[Recorded data]
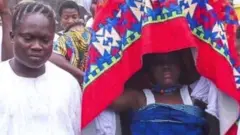 Arugba Osun Osogbo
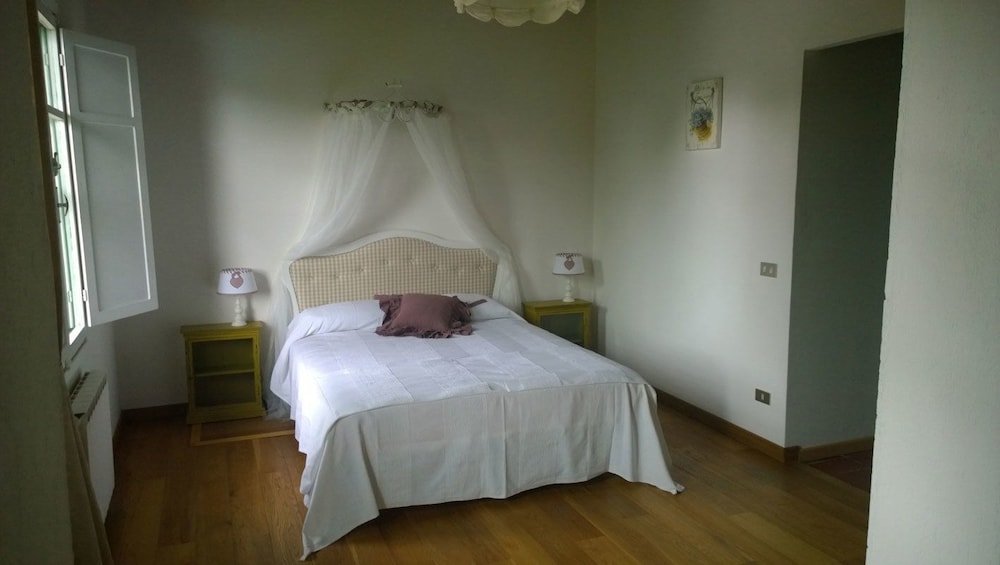 Фото Agriturismo La Margherita - Golf Girasoli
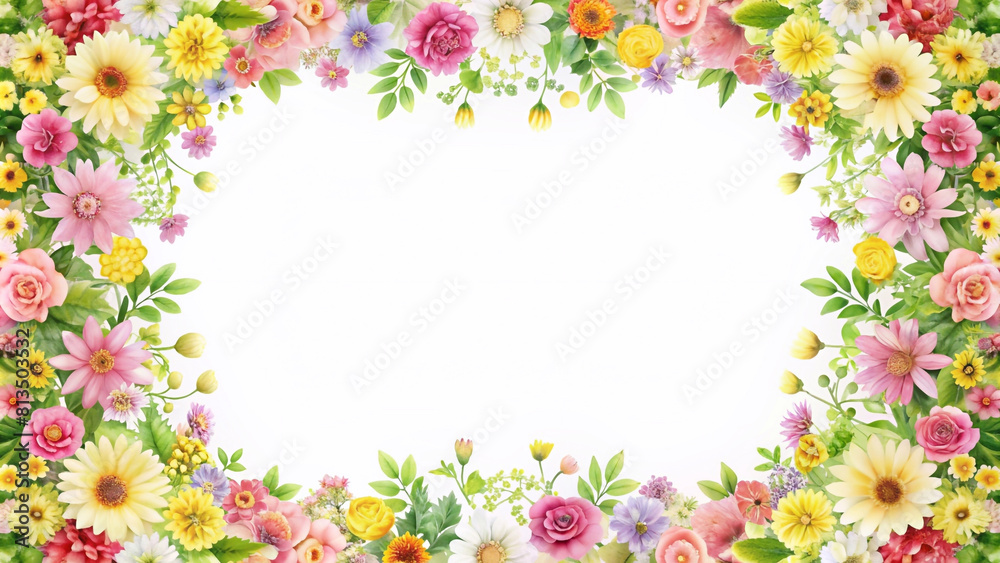 flower greeting card Designed to bring happiness and gifts on special and important days. flower greeting card Designed to bring happiness and gifts on special and important days.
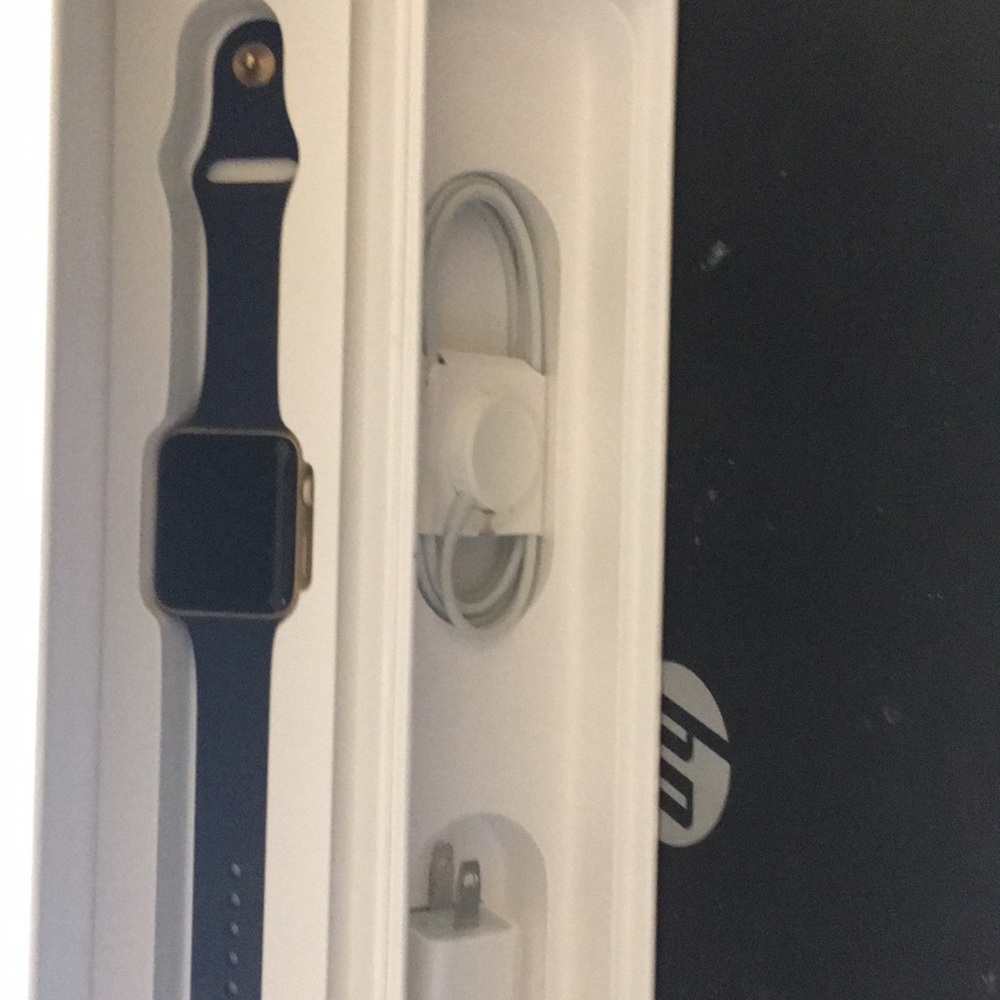 Apple Watch series  2
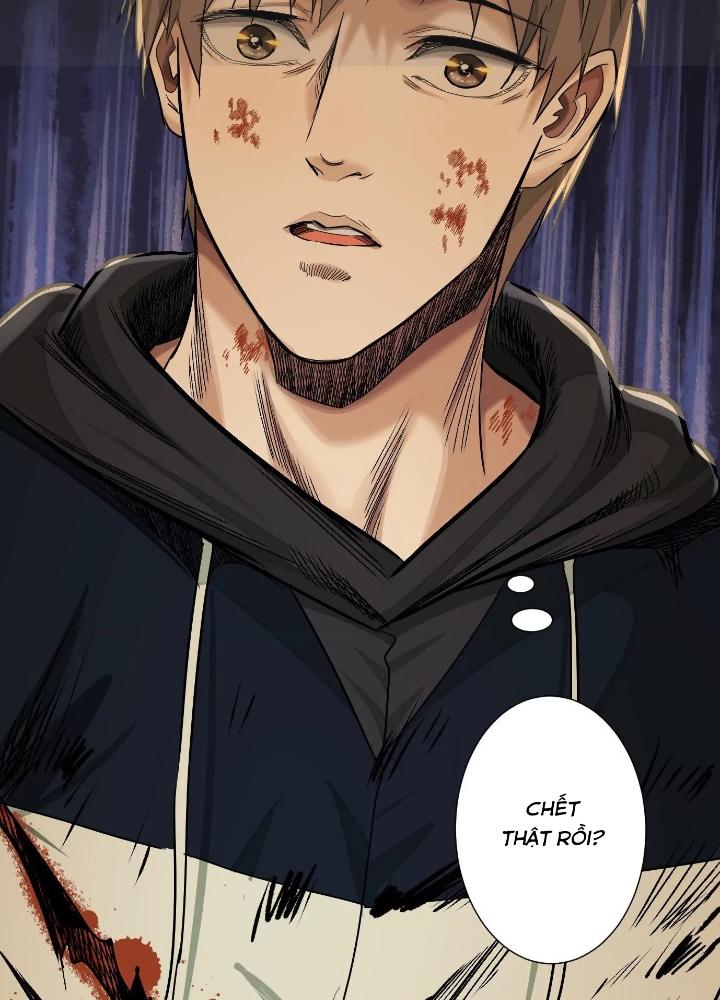 Dị Thú Mê Thành Chapter 38 - Trang 2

_Problem_
All of the lines above should be retyped precisely, apart from the pictures.

_The completed task_
 Arugba Osun Osogbo
 Фото Agriturismo La Margherita - Golf Girasoli
 flower greeting card Designed to bring happiness and gifts on special and important days. flower greeting card Designed to bring happiness and gifts on special and important days.
 Apple Watch series  2
 Dị Thú Mê Thành Chapter 38 - Trang 2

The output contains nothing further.